- Jardin de la Pagode après abattage du gingko et du hêtre pleureur
et suppression des arbustes et bambous
Photo : J. Lacaze – Sites & Monuments - Voir l´image dans sa page
Emmanuel Macron, paraît-il, prépare « le monde d’après ». Il consulte tous azimuts, il explore les pistes politiques, il va le concevoir… Nous ne nous engagerons pas sur le reste, mais pour ce qui concerne la protection du patrimoine, il s’agit évidemment d’une vaste plaisanterie. Non seulement celui-ci est toujours menacé, mais il l’est encore davantage que d’habitude comme le démontre la multitude de menaces qui apparaissent. Voici une petite revue des affaires en cours et nous ne pouvons bien entendu être exhaustif. La liste est effrayante.

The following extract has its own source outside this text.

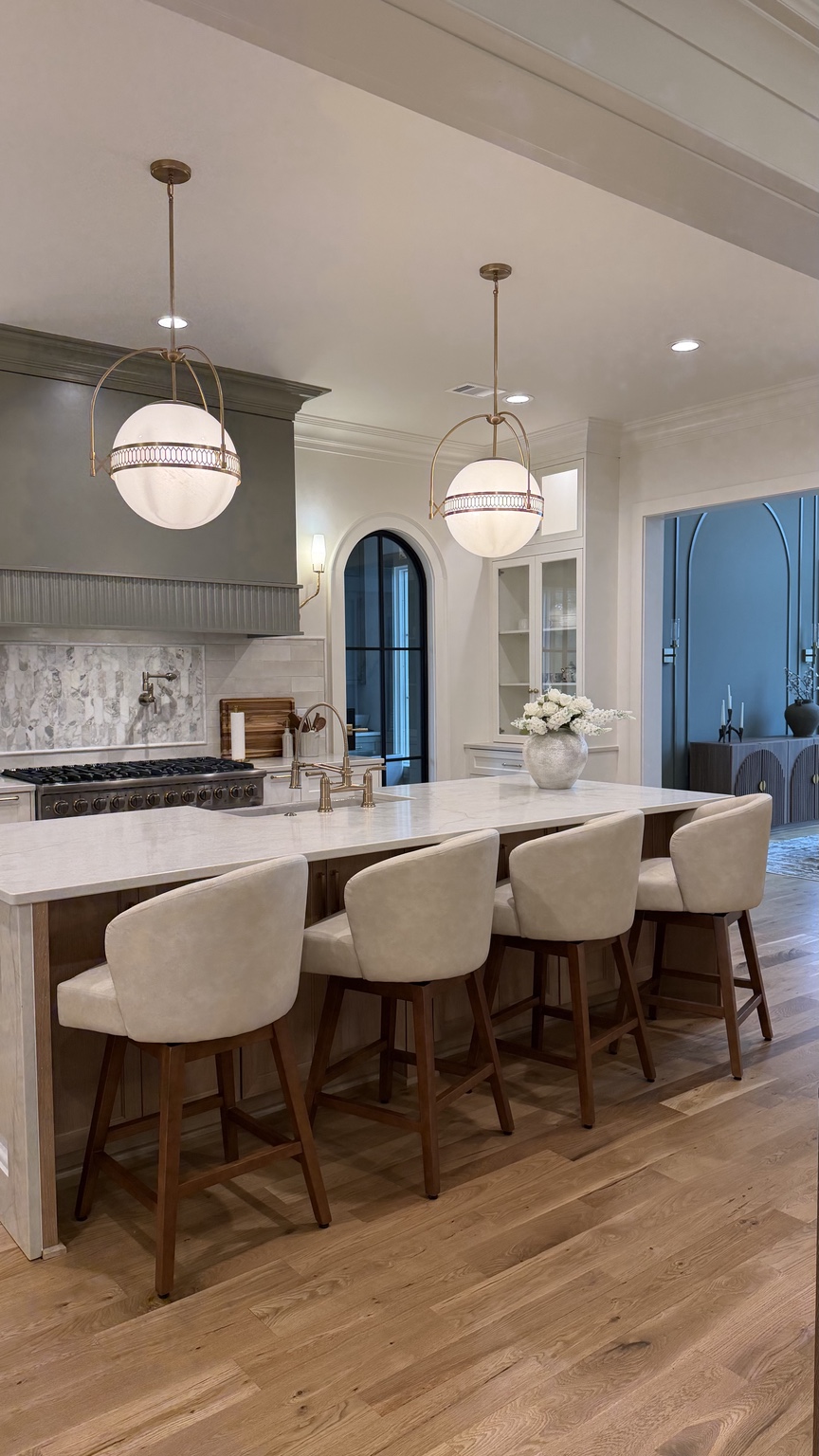 Kitchen island with four stools and globe pendants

– démolition (en cours) de la gare Maritime du Havre : nous lui avons consacré deux articles, et The Times s’y intéresse désormais.

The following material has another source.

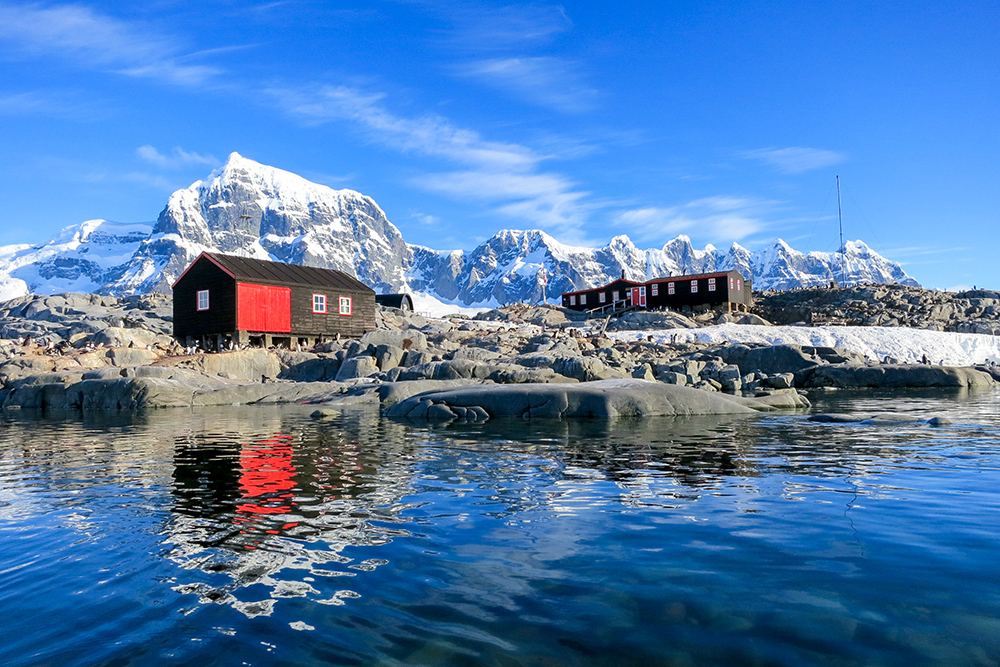A mountainous scene showing three huts in Antarctica where Peter will be counting penguin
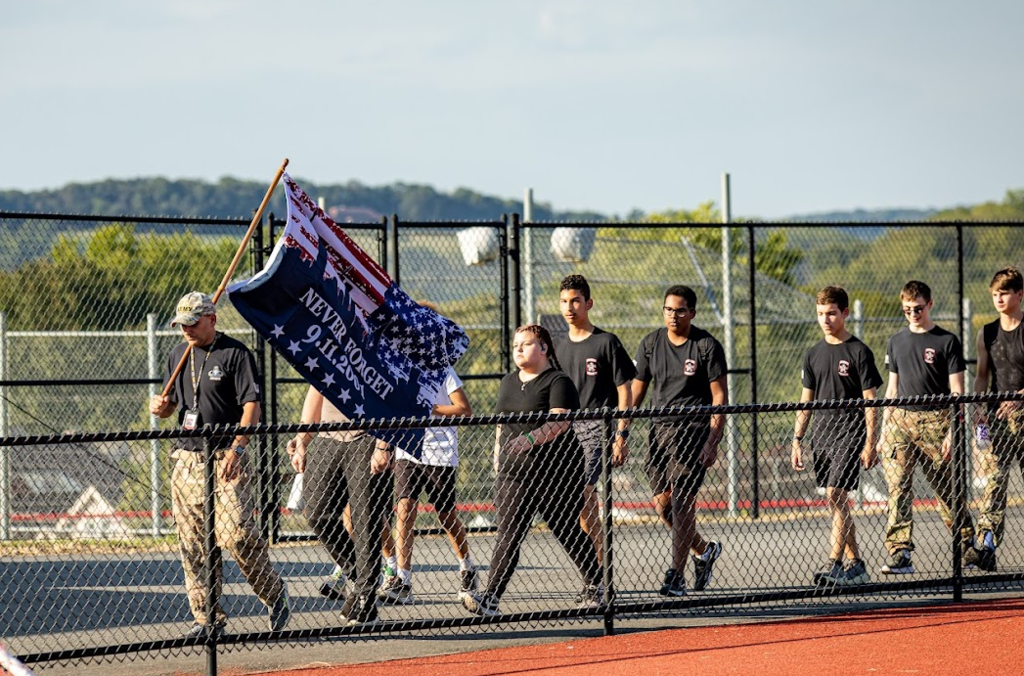 cadets walking with never forget flag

– destruction (achevée) du jardin du cinéma La Pagode (ill.). Il s’agit pourtant d’un monument classé et d’un jardin classé. Pour en savoir davantage sur cette affaire, vous pouvez lire l’article du Parisien et celui de Julien Lacaze sur le site de l’association Sites et Monuments dont il est le président ; on voit, par ailleurs, le vrai visage de la Mairie de Paris soit-disant « écologique ».
– coupe (imminente) de nombreux arbres centenaires et destruction (non moins imminente) de plusieurs constructions anciennes sur un site classé, sur le domaine de Sèvres (nous publierons ce soir ou demain un article à ce sujet qui a fait l’objet d’un article dans Le Canard Enchaîné de mercredi).
– destruction d’un bâtiment industriel à Nantes, qui nous a été signalée par Forum Nantes Patrimoine : il s’agit certes d’un monument modeste, mais dont l’intérêt patrimonial est réel comme l’expliqua l’association dans un communiqué.
– démolition (en cours) de l’ancienne piscine de Château-Thierry, qui prouve que même le patrimoine plus récent (qui sort du champ de La Tribune de l’Art) n’est pas épargné. Nous renvoyons à l’article d’Anne de Chérisey paru sur le site de Sites et Monuments.
Nous avions inclus l’affaire de la chapelle de Lille, que nous retirons, nous l’espérons définitivement, de cette liste.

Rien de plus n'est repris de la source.